The Hanoitimes - In May, Vietnamese government agencies have been in discussion with the World Bank on recent improvements in the country’s business environment.
The World Bank has been updated on Vietnam’s recent efforts in improving its business environment, which will be reflected in the bank’s Doing Business 2020 report, scheduled for release in October.
The information was given by the Ministry of Planning and Investment (MPI) at the government’s monthly meeting held on May 31.
In May, the MPI, the Government Office and other government agencies discussed with the World Bank’s experts on recent improvements in Vietnam’s business environment.
Of the 10 key parameters of the business environment provided by the World Bank’s report, Vietnam’s “Starting a business” procedure is expected to have significant improvement with the current eight steps and 17 working days for completion being down to 5 steps and eight days.

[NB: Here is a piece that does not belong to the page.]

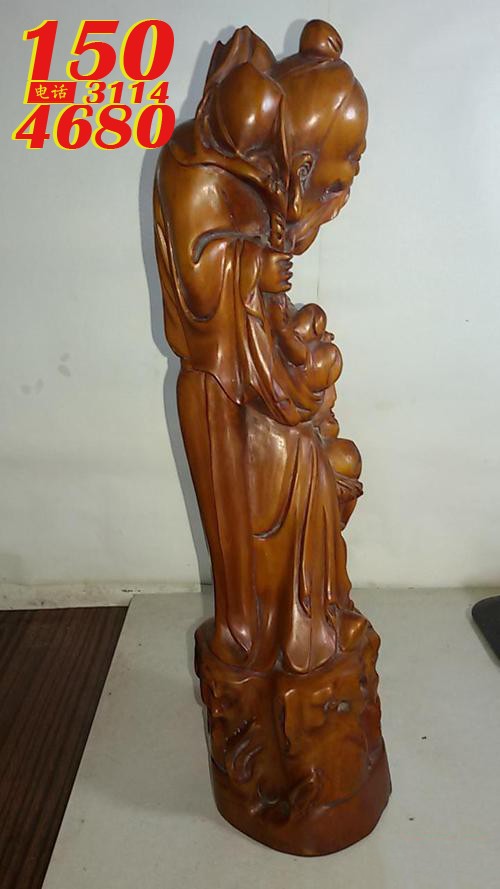 达摩雕塑像 (10)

Meanwhile, the “Dealing with Construction Permits” procedure from current 10 steps and 166 days to be completed would be down to 52 days.
On “Paying taxes”, over 90% of enterprises have declared and paid taxes online, indicating the number of paying corporate tax is scheduled to decrease from five to one time, while the duration for value-added tax (VAT) payment witnesses a reduction of 90 hours, from 219 hours to 129 hours.
With regards to “Trading across Borders”, the MPI informed the issuance of new regulations helped improve the indicator, including Decree No.59 providing specific provisions and guidance on enforcement of the custom law.
According to the MPI, specialized inspection procedures on exported- and imported goods have been reduced but works remain to be done.
On “Enforcing Contracts” and “Resolving Insolvency”, the World Bank acknowledged recent regulations towards reform in the judicial system, providing greater support to the business community.
In the World Bank’s 2019 Ease of Doing Business ranking, Vietnam moved down one notch from the 68th to 69th place out of 190 economies, although its score went up 1.59 points compared to a year earlier to 68.36 out of the maximum 100 points.
Doing Business presents quantitative indicators on business regulations and the protection of property rights that can be compared across 190 economies, measuring the regulations that enhance business activity and those that constrain it.